In this work, we design a lightweight person-detection method that deals with these limitations by enforcing simplifying constraints on our deployment’s physical arrangement. By placing our wide-angle camera nodes on the ceiling, facing straight down, we can safely assume certain bounds on each person’s size (given that the ceiling height is known). Then, using a cuboid model of a human, we create a histogram representing the likelihood that a moving person is present at a certain location in the image. Each moving person can, thus, be detected by locating the modes of the histogram. Since this method is based on motion-differencing rather than background-subtraction, there are no lasting phantom-detections, such as arise when the background model fails to adapt to changes in the scene. This allows us to detect the location of moving people in our deployments with little maintenance or calibration.
Related:
BehaviorScope
Human Activity Recognition
In the BehaviorScope project we introduce a framework that recognizes human activities with a sensor-agnostic engine. The sequence of locations of people in a house are input into a probabilistic context-free grammar (PCFG) to detect behaviors. The inference project was led by Dimitrious Lymberopoulos, while I was in charge of building the sensor network infrastructure. The main challenge was to create a network of cameras that could extract locations of multiple people in real time, unattended, in several-month-long home deployments.
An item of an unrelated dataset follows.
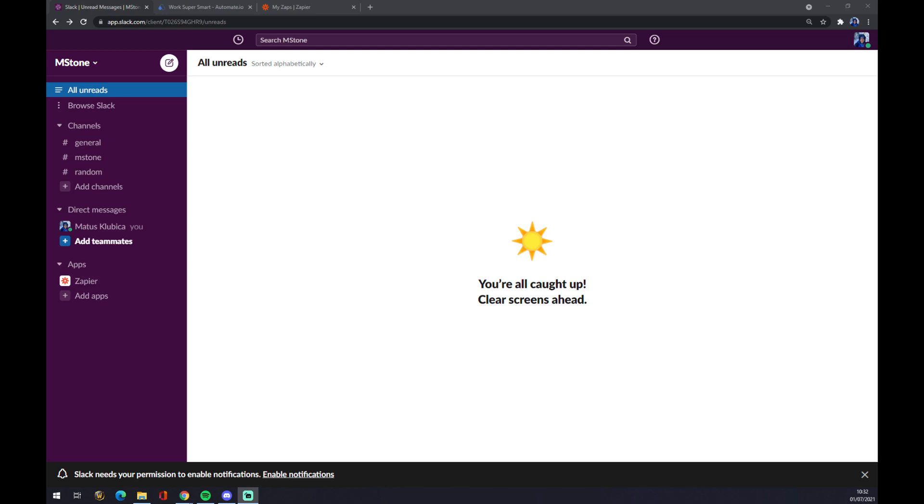Hello guys, my name is Matthew and in today's video I'm going to show you how you can integrate Slack with ServiceNow. First thing we have to do is create an account at slack.com if you don't have one already.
In addition to sequences of locations, I have also investigated the use of wristband-style inertial sensors to extract arm-pose information for finer-grained activity interpretation. In order to withstand the large numbers of false-positive noise that we noticed in our long-term deployments, this system makes use of finite state machines (FSMs) enhanced with time bounds on each transition. The FSMs are layered into a multi-level hierarchy that can parse human activites in real time on commodity hardware.
Related:
Address-Event Imaging for Sensor Networks
Traditional image sensors communicate sequentially, from top-left to bottom-right, the intensity of the light measured at each pixel in a process called “scanning”. This leads to images that are represented as arrays of intensity values. While such a representation has many qualities, such as compactness and ease of display, it is not particularly friendly for data interpretation purposes.
In response to this, Address-Event (AE) imagers take a cue from biological systems and measure the world, instead, through multiple asynchronous smart pixels that produce a pulse (or “spike”) when they encounter particular features such as motion or edges. Similar to the human brain, these sequences of spikes work as building blocks for high-level data interpretation. In my work I have built proof-of-concept sensor boards that utilize Prof. Eugenio Culurciello’s prototype AE imagers. I have also demonstrated a simple pattern-matching algorithm that can operate in the computationally constrained setting of a sensor node, and fares well against similar algorithms for traditional imagers. To facilitate the development of this and other AE algorithms, I wrote an Address-Event Emulator application for Windows that converts live video from webcams into AE streams. This application is provided free of charge here.